Some of the reforms lawmakers are weighing would create new responsibilities for the federal government, such as determining the nature and extent of coverage, or producing information on the comparative effectiveness of various diagnostic methods and treatments. That raises questions about whether those responsibilities should be administered through existing agencies or through new government entities. Because of concerns about the influence of special interests or political gridlock, a number of proposals would create new agencies with substantial independence from the political process, described as a kind of Federal Reserve system for health matters.

But the panel recommended against using the Federal Reserve as a model for administering health care, noting the line between accountability and interference often is fuzzy in health care. Any agency that conducts comparative-effectiveness analysis or makes coverage decisions will affect the livelihood of health care providers and medical companies, the access of individuals to potentially life-saving treatments and the cost of insurance to those who pay the taxes or premiums, the panel noted.

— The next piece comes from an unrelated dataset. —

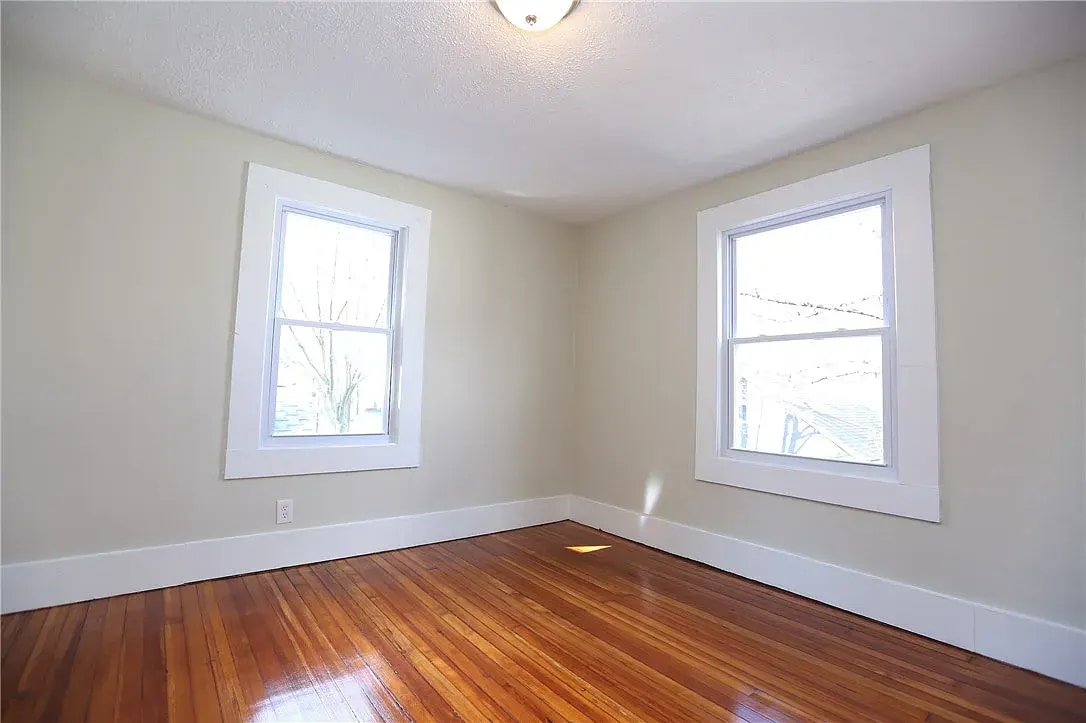 Building Photo - 1 Stebbins St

"The autonomy of the Federal Reserve is acceptable because its primary task -- the determination of monetary policy -- is limited, involves no obvious coercion and affects people only indirectly," the report said. "In contrast, the decisions of a 'Health Fed' regarding health care coverage and costs would directly affect millions of individual Americans. Such important, sensitive matters cannot and should not be taken out of politics."

The study's most important conclusion, the authors noted, was that administrative challenges, while complex, can be met if the White House and Congress take appropriate actions and plan accordingly.

The study was funded with support from the Robert Wood Johnson Foundation.